U.S. counterterrorism officials are claiming major inroads in reducing the likelihood of a successful terrorist attack. But officials also say the nature of the terrorist threat has changed significantly since 2001.
Some analysts have said the United States has been lucky to escape serious major terrorist attacks since the 2001 airplane attacks on the World Trade Center and Pentagon.
Last December 25, Umar Farouk Abdulmutallab tried to set off a bomb hidden in his underwear while on a flight from Amsterdam to Detroit, Michigan, but the bomb did not go off. Similarly, a bomb hidden in a car in New York's Times Square June 21 also failed to detonate. And in October bombs were discovered in inkjet cartridges aboard two cargo planes before they could be detonated.
In a recent speech National Counterterrorism Center director Michael Leiter said aggressive counterterrorism measures have eroded, but not eliminated, the terrorist threat.
"Despite the challenges we face, we have made significant improvements," said Leiter. "And the result of that is, in my view, that the threat of that most severe, most complicated attack is significantly lower today than it was in 2001. I have to stress, that threat is not gone."
But he added that one has to admit that at some point, some terrorists will launch a successful attack.
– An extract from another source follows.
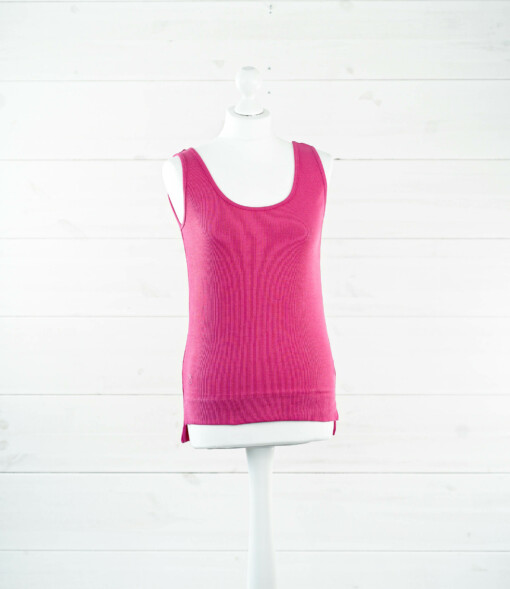 Top "MILA" fuchsia (BA38)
"I have dedicated my time at NCTC, and our organization dedicates our time, to trying to prevent that," added Leiter. "But we still have to be honest, and we have to be honest that some things will get through. And in this era of this more complicated threat and a more diverse threat and lower-scale attacks, to include individuals who have been radicalized here in the homeland, stopping all of the attacks has become that much harder."